Double costs were assessed against the Steinbrechers.
The Court of Appeals for the Ninth Circuit has, in a summary and decisive manner, awarded double costs in several tax protester cases on its own motion. On July 7, 1982, in Edwards v. Commissioner, 680 F.2d 1268, 1271 (9th Cir. 1982), affg. per curiam an unreported decision of this Court, the Court said—
Meritless appeals of this nature are becoming increasingly burdensome on the federal court system. We find this appeal frivolous, Fed. R. App. P. 38, and accordingly award double costs to appellee [the Commissioner of Internal Revenue]. [Citations omitted and emphasis added.]
Accord, McCoy v. Commissioner, 696 F.2d 1234 (9th Cir. 1983), affg. 76 T.C. 1027 (1981); Barmakian v. Commissioner, 698 F.2d 1228 (9th Cir. 1982), affg. without published opinion an unreported order and decision of this Court; Martindale v. Commissioner, 692 F.2d 764 (9th Cir. 1982), affg. without published opinion an unreported order and decision of this Court.
It is now certain that all Courts will no longer tolerate the filing of frivolous appeals. On June 13, 1983, the Supreme Court, for the first time, invoked the provisions of its Rule 49.2, which the Court adopted in 1980, and ordered an appellant to pay damages for bringing a frivolous appeal.

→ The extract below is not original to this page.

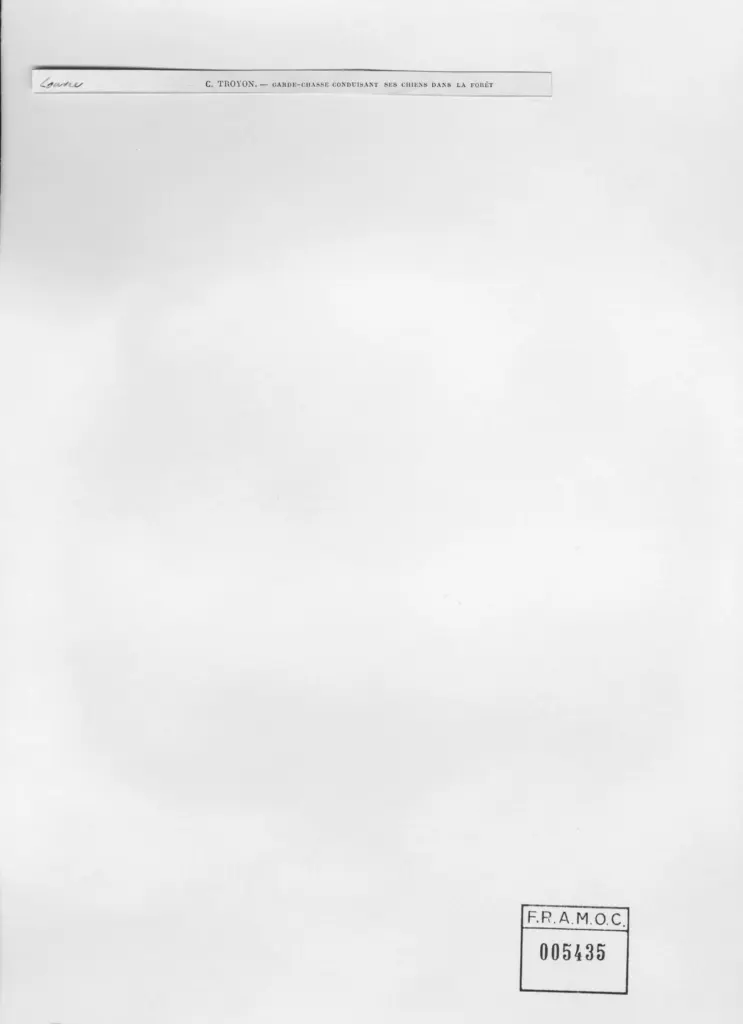 Anonimo , Troyon, Constant - sec. XIX - Garde-Chasse conduisant ses chiens dans la for&ecirc;t , retro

In Tatum, Elmo C. v. Regents of Nebraska-Lincoln (No. 82–6145), the Court issued the following order: “The motion of respondents for damages is granted and damages are awarded to respondents in the amount of $500.00 pursuant to Supreme Court Rule 49.2”.

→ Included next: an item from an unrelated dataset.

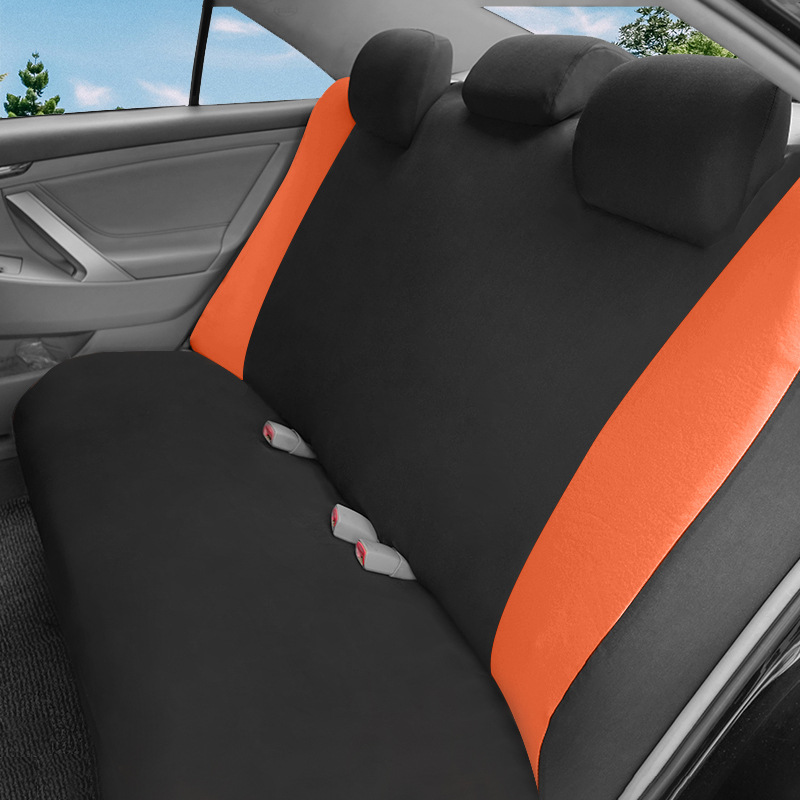 New Style Patchwork Contrasting Color Polyester Fabric Car Seat Covers Are a Hot-Selling Cross-Border Hit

In that case Mr. Tatum had brought a series of civil rights suits against the University of Nebraska charging that the University had discriminated against him by failing to provide adequate housing.
The direction of this nation's highest court is crystal clear—that no court should permit frivolous or groundless appeals, not only in discrimination suits but in any other area of litigation, including Federal income taxation. The language of amended section 6673 is equally clear.

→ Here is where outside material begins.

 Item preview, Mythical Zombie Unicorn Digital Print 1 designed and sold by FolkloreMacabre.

Here, petitioner has instituted these proceedings and has asserted as his defense to the Commissioner's determinations nothing but frivolous and groundless contentions. Petitioners with genuine controversies were delayed while we considered this case.
When the costs incurred by this Court and respondent are taken into consideration, the maximum damages authorized by the statute do not begin to indemnify the United States for the expenses which petitioner's frivolous and groundless action has occasioned. Considering the waste of limited judicial and administrative resources caused by petitioner's action, even the maxim m damages authorized by Congress are wholly inadequate to compensate the United States and its other taxpayers. These costs must eventually be borne by all of the citizens who honestly and fairly participate in our tax collection system.
On this record, we find that petitioner's position in this proceeding is frivolous and groundless and that this proceeding was instituted and maintained primarily for delay. Therefore, in our discretion, we conclude that the maximum damages authorized by law ($5,000.00) are appropriate, and damages in that amount will be awarded to the United States under section 6673.
An appropriate order and decision will be entered.